RAPTOR: Recursive Abstractive Processing for Tree-Organized Retrieval
- URL: http://arxiv.org/abs/2401.18059v1
- Date: Wed, 31 Jan 2024 18:30:21 GMT
- Title: RAPTOR: Recursive Abstractive Processing for Tree-Organized Retrieval
- Authors: Parth Sarthi, Salman Abdullah, Aditi Tuli, Shubh Khanna, Anna Goldie,
Christopher D. Manning
- Abstract summary: We introduce the novel approach of embedding, clustering, and summarizing chunks of text, constructing a tree with differing levels of summarization from the bottom up.

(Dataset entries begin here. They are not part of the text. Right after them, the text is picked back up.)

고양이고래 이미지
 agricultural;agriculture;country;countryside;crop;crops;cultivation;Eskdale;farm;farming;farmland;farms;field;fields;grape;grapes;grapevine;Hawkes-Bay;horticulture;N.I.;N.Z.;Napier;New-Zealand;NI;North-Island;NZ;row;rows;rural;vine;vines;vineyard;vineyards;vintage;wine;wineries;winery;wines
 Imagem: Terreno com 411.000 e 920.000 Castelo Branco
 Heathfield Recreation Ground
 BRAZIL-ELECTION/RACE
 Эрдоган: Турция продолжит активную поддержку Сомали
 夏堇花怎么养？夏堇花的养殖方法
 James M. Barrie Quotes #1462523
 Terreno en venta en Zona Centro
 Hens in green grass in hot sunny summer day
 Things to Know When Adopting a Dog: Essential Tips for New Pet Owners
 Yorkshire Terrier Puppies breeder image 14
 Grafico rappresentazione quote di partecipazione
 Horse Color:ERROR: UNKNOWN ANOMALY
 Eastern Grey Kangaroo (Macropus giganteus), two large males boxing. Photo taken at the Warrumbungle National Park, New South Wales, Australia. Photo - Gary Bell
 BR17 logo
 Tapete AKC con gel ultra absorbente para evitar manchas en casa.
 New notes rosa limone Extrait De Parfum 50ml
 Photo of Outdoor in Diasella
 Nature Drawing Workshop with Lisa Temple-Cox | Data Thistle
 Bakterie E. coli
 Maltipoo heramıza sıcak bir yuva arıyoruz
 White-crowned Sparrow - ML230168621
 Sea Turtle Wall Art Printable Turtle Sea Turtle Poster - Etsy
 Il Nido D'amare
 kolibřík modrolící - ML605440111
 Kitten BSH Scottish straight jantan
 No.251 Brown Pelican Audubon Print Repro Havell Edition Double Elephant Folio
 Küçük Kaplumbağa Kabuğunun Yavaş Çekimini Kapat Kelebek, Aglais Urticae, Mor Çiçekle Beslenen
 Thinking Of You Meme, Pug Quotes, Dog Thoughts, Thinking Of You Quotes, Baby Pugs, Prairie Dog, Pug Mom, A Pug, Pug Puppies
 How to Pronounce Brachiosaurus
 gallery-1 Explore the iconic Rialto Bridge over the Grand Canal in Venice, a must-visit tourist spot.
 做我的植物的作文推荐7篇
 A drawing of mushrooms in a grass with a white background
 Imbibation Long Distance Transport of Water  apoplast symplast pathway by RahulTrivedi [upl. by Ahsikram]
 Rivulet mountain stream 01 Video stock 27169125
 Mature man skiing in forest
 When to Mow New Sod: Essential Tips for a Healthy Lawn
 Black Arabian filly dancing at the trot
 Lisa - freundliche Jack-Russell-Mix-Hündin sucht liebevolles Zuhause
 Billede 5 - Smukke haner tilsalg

At inference time, our RAPTOR model retrieves from this tree, integrating information across lengthy documents at different levels of abstraction.
- Score: 26.527911244587134
- License: http://creativecommons.org/licenses/by/4.0/
- Abstract: Retrieval-augmented language models can better adapt to changes in world
state and incorporate long-tail knowledge. However, most existing methods
retrieve only short contiguous chunks from a retrieval corpus, limiting
holistic understanding of the overall document context. We introduce the novel
approach of recursively embedding, clustering, and summarizing chunks of text,
constructing a tree with differing levels of summarization from the bottom up.
At inference time, our RAPTOR model retrieves from this tree, integrating
information across lengthy documents at different levels of abstraction.
Controlled experiments show that retrieval with recursive summaries offers
significant improvements over traditional retrieval-augmented LMs on several
tasks. On question-answering tasks that involve complex, multi-step reasoning,
we show state-of-the-art results; for example, by coupling RAPTOR retrieval
with the use of GPT-4, we can improve the best performance on the QuALITY
benchmark by 20% in absolute accuracy.